Declining Teacher Supply Has Become Problem
Adds costs for school districts in state, some call situation a “crisis.”
In April of this year, a Public Policy Forum report found a drop in the number of classroom teachers both locally and statewide, along with a decline in education majors at area colleges and universities.
How serious is the problem? Could it just be cyclical? According to those on the front lines, including education leaders at institutions of higher learning in the area, there is real cause for concern, both at public and private, traditional and choice schools.

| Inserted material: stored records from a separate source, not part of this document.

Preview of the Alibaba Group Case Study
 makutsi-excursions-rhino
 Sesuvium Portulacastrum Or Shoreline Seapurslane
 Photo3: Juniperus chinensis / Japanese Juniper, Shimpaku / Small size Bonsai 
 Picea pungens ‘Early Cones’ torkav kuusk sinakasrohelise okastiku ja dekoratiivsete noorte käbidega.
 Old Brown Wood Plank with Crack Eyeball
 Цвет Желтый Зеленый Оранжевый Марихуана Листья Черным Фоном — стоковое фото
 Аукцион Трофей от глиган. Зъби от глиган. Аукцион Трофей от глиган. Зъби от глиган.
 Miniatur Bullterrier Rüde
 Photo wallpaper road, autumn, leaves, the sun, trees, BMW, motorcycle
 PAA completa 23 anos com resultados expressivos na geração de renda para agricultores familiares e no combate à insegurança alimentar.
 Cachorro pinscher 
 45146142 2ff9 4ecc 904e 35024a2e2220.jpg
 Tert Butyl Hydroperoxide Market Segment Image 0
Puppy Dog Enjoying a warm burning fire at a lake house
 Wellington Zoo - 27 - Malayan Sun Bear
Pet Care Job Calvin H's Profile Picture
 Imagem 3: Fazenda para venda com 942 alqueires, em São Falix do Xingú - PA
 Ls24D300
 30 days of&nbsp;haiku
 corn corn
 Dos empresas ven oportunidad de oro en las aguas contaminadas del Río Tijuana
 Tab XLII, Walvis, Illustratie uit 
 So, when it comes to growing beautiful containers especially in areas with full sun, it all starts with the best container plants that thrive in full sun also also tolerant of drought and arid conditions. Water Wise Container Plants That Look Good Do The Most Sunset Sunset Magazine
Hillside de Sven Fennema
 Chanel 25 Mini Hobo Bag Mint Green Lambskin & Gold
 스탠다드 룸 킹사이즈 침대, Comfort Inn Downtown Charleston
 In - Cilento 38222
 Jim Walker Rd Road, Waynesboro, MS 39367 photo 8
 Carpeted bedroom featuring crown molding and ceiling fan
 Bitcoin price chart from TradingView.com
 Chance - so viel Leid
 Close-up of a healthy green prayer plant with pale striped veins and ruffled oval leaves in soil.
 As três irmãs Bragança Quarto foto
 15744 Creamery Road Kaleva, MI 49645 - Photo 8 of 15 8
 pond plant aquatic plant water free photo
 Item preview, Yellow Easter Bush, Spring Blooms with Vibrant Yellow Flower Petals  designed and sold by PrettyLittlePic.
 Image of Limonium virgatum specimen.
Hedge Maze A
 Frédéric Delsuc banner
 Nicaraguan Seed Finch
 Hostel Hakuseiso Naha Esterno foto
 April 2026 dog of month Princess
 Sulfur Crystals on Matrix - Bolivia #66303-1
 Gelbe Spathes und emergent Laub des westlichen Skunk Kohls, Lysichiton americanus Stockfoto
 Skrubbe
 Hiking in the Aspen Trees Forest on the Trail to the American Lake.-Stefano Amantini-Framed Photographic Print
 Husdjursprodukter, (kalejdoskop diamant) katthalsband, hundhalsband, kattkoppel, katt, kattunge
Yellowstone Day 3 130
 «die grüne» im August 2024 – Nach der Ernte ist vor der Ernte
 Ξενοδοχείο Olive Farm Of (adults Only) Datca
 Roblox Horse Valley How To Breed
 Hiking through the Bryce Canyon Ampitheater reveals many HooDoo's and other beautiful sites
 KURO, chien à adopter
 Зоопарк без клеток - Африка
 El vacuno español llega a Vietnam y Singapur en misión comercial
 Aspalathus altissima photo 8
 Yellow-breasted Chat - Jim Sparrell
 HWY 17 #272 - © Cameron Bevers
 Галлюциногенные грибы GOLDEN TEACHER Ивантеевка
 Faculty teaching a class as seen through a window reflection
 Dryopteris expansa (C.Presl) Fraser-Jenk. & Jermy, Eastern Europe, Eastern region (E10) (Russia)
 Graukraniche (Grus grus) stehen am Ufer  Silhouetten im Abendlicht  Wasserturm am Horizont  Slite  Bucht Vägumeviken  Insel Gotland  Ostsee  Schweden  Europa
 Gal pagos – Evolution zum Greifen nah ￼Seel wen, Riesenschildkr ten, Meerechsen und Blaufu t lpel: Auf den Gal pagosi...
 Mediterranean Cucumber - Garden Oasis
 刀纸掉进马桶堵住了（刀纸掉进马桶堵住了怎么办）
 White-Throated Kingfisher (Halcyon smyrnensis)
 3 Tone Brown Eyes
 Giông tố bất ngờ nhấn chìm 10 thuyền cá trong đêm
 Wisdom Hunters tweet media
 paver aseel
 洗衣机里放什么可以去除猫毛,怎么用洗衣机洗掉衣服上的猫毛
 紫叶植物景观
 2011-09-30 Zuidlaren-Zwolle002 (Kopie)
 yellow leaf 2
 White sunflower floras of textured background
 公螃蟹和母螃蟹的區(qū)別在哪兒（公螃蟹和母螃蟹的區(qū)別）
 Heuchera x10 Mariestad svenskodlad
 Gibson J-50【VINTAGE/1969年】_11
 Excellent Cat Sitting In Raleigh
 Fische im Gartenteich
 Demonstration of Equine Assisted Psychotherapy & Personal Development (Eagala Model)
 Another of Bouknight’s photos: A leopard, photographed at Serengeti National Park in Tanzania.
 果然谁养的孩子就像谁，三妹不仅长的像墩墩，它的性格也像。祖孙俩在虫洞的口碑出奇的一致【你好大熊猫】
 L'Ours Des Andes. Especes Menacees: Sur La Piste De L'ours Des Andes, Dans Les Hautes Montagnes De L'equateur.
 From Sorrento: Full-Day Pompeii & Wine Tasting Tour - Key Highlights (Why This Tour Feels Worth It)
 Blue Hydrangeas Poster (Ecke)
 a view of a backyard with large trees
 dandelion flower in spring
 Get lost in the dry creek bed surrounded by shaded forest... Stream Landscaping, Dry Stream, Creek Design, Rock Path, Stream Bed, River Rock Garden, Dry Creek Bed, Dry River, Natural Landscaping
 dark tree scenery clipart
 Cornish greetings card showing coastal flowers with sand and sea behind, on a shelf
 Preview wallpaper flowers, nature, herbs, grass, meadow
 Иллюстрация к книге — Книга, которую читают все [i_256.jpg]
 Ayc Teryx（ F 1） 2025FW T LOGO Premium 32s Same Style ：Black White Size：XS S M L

The problem is a national and not local one (reflected in President Barack Obama’s decision to make education one of his top three priorities during his second term), as Dr. Freda Russell notes. Russell, Dean of the College of Education & Leadership at Cardinal Stritch University, calls the growing teacher shortage a crisis. “The large number of retirements combined with the decline in people pursuing a degree in education makes for a long-term disaster,” she says.
Those sentiments are echoed by Dr. William Henk, Dean of the College of Education at Marquette University. Henk sees a bleak situation that is not going to change anytime soon. “The K-12 population has declined, meaning that less kids are graduating from high school which leads to less future teachers,” he explains. “Plus, it is not a profession that resonates with young people like it did before.”
Henk and Russell both note that the profession is not revered in the United States as it is in so many other countries. “Countries without turnover or pipeline issues value teachers as much as doctors,” says Russell. By contrast, Henk notes, “teachers are viewed with suspicion and not as respected as they used to be.”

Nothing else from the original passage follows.